We shrink from change; yet is there anything that can come into being without it? – Marcus Aurelius

I guess the desire to be surrounded by common people is embedded in us by evolution. We survive by sticking together in a family, tribe. Presumably, this is also why we feel comfortable being surrounded by a less diverse crowd. In this context, new or unfamiliar means “danger”. These questions are being investigated by much smarter people than me, though I cannot help but speculate that it is not what nature has initially intended for us. More so, this type of approach has hindered and in many ways continues to stall our progress quite significantly. If we think about it, sharing, trading and mingling with other cultures really brought out the best in us. Once we discovered ways to commute and, more importantly, communicate with others we reached new heights on all fronts. So it seems any challenges that might be associated with the new, different and unknown, even ultimately dangerous at times, really tend to make us push our limits and establish a new norm, typically a better one. So whenever we are “comfortable” in our surroundings and “satisfied”, we are in danger of missing out on truly maximizing our potential, as people, group, society.

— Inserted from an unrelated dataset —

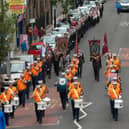 A previous parade by the Michelburne Parent Club of the Apprentice Boys of Derry makes it's way up Carlisle Road. INLS3913-119KM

I see some resemblance to local vs global maxima problem in mathematics, i.e., what seems like a maximum value (of a given function) is really is just a (much) smaller value compared to the true maximum value. This is really a result of not having a “bird’s-eye view” of the function (i.e., see the big picture). We only can estimate what it really is, like searching in the dark. This is how I feel about our tendency to be afraid of change, any change. We are stuck in the local maxima of the “function of life”. If we had the ability to zoom out and see all the possible values of this complex function, I think we would discover that we really need diversity to reach its global maxima.

To strengthen my point, I think it is useful to look at a domain such as Engineering. To me, this is a great example of how diversity can be used to build larger and bigger things. We designed systems that are capable of doing incredible things. We devised complex theories and have shown that by combining a mixture of very diverse techniques and methodologies facilitates a path to amazing things. Our system designs are based on many different ideas, programming languages, instructions, machine commands and finally bits. Researchers and engineers are constantly looking for inspiration, ideas from different domains, as well as finding ways to connect many different components which make for a more robust system. I know that perhaps this generalization can be interpreted to mean something completely different. For example, we always try to harmonise the components to make sure they work as one, but the point really is that as engineers (and designers) we really are not afraid to bring in new diverse components, while when it comes to our personal life, diversity can sometimes be misinterpreted as an unwanted thing.

While building systems, as engineers we think of the “big picture”: finding ways for different components to work together to make a better system, as people, outside engineering, we tend to be happy with the “local maxima”. In other words, as designers and engineers we embrace and even seek diversity, however, collectively as humanity we seem to be afraid of it or challenge its benefits.

Granted, things are gradually changing. We notice the workplaces start to encourage diversity, also diversity is more often spoken about and students are motivated to write essays about it. Like this one. Nevertheless, to me, it seems that we already failed the “diversity test” once we feel that we need to motivate diversity. My argument here is that in many domains diversity is not encouraged it’s the expected norm; it’s hidden and not obvious and that what makes it so powerful. We shouldn’t forget that, after all, diversity is a yet another label we humans invented alongside many other labels. These make our life easier: We can blame, glorify, worship and cherish things that are well defined, concepts that are visible and understood to us. Yet there is a great power in the unknown and combining different ideas, people and verity of other things tend to work out well collectively.

In summary, I think by limiting diversity (in anything) we limit progress, any positive progress. It is hard to fight our inherent feelings and perspectives that were formed by our experiences as we grow, but we can always be aware of their limitation and use heuristics to improve ourselves and the processes we manage. As a rule, if you are building something that lacks diversity, you are probably doing it wrong. If you are part of the team of people who are very similar to each other, you are at a risk of stalling your progress. All rules/habits have “exceptions”, learning from those that challenge our conventional thinking is what diversity is all about.